From: Robert Elz <kre%munnari.OZ.AU@localhost>
To: gnats-bugs%NetBSD.org@localhost
Cc:
Subject: Re: pkg/36257 (games/wesnoth has msgfmt problems (plurals) [NetBSD
3.0])
Date: Wed, 09 May 2007 23:07:04 +0700
Date: Wed, 9 May 2007 13:25:20 +0000 (UTC)
From: obache%NetBSD.org@localhost
Message-ID: <20070509132520.C851F63B853%narn.NetBSD.org@localhost>
| Fix commited. Please confirm again.
Yes, it works with your (better) patch. On NetBSD 3.0 anyway.
However, there are two suggestions I'd make to make it even better.
First, it is never really safe with test to use an unknown string
variable unprotected in a = or != comparison.
That is, in a test like
if test "$pofile" != "-"
if the value of $pofile just happens to be "-e" or something like
that, bad things happen (ie: nothing works the way you want, and
usually the result is a bunch of strange error messages.)

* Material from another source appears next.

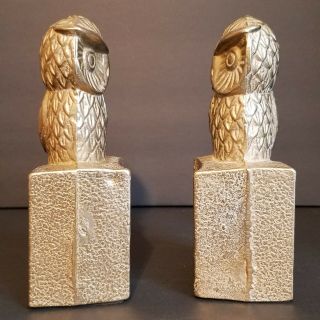 Set of Brass Owl Bookends Perched on Books Vintage Mid Century Retro 6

The usual fix is to protect at least the leading edge of the variable value,
so it cannot possibly accidentally become a test operator, I like
to do it like ...
if test "%${pofile}%" != "%-%"
(the trailing '%' accomplishes nothing useful, I use it for aesthetics
only.)
(Note: you don't need, and cannot use, this trick on the operand of
one of the file status test operators, for what I hope are obvious
reasons, so the
-e "$pofile"
needs to stay as it is.)
Second, the test grammar has always been fragile, never really well
defined (or it used not to be, maybe posix has fixed that), so that using
complex test expressions (ones containing logical connectives, -a and -o)
has tended to give different results on one version of test than another
(it all ends up depending upon just what test decides to do first, in any
particular implementation).
To avoid that kind of problem, and especially these days with test being
a built in command in every (Bourne type) shell worth mentioning, it is
generally easier to use shell logical operators (&& and ||) and simply
run multiple test commands. So, instead of
if test "$pofile" != "-" -a ! -e "$pofile"
use
if test "%${pofile}%" != "%-%" && test ! -e "$pofile"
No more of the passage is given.